The group known as the Kanawha Valley Village People is an organization of seniors supporting its members as they continue to live independently in their own homes.
Prior to the formation of the group, several meetings were held throughout the year to discuss how participants, as they age, would be able to remain in their homes and communities by providing a local service network of providers who could aid members in such tasks as transportation, home repair, in-home care, etc. The first meeting of interested parties was held July 21, 2012, where it was decided that the ‘village concept’ might be one that would fit our diverse community. A second meeting was held on October 7, 2012, where the village model as practiced in Athens, Ohio, and in Alexandria, Virginia, was explored in-depth plus the review of a draft needs assessment.

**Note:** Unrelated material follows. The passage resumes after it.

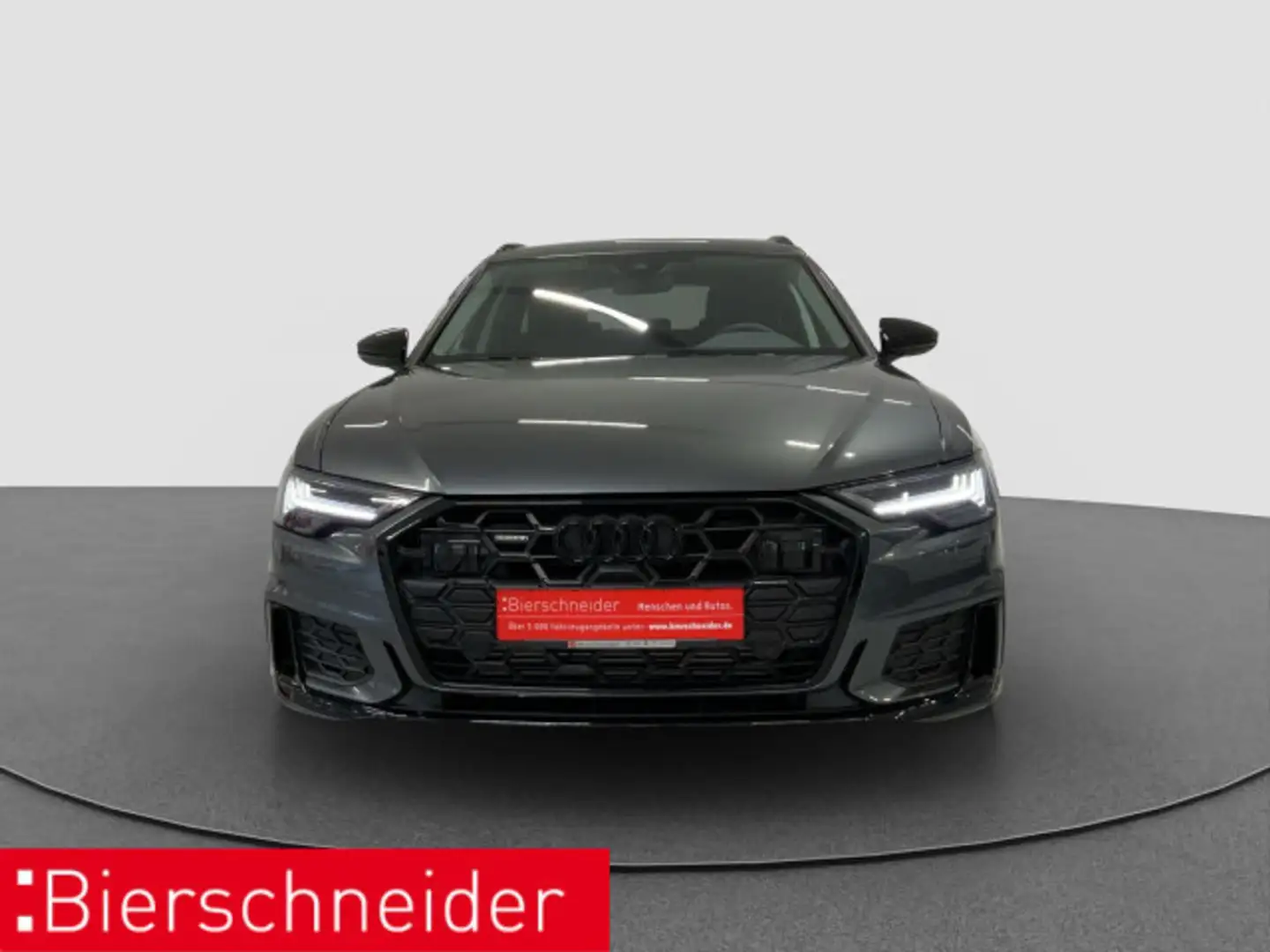 Audi A6 55 TFSIe qu S-Line 21 AHK B&O HD-MATRIX Gris - 2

A third meeting was held on December 15, 2012, where the village concept was discussed in a meeting chaired by James Thibeault. A needs assessment survey was presented by Kassandra Kass. A grant proposal was put forth by Hazel Palmer. The National Gathering of the Village to Village Network which was held in Atlanta, October 15-17, 2012, was attended by Barbara Frierson and James Thibeault. Such topics as: Steps to Starting a Group, Funding and Membership dues, Member Services, Volunteers, etc. were explained to the group by Barbara while James reported back concerning the success and challenges of establishing communities plus how to grow a community and retain members.
A mission statement was proposed and sent for consideration to the Steering Committee: “A sustainable senior community that supports members who wish to live independently in their own homes by providing or helping arrange a wide variety of services to meet their needs.”
Also at the December meeting, two great ideas were put forth by members of the group – Crisis Casseroles and a Telephone Tree. Crisis Casseroles proposed by Hazel Palmer is a concept to provide food door-to-door when a member suffers a family or personal crisis like an operation or a debilitating illness. Members would provide simple meals thereby alleviating one worry for anyone suffering such a crisis. Likewise, a Telephone Tree, as envisioned by Melora Cann and Karen Glazier, was established where regularly scheduled calls would be placed to members alerting them to upcoming events and filling them in on ‘what’s going on’ plus just making sure that they were ‘OK’. In this way, an opportunity for building a relationship through conversation, thus enlarging the personal socialization aspect, could be created and nourished.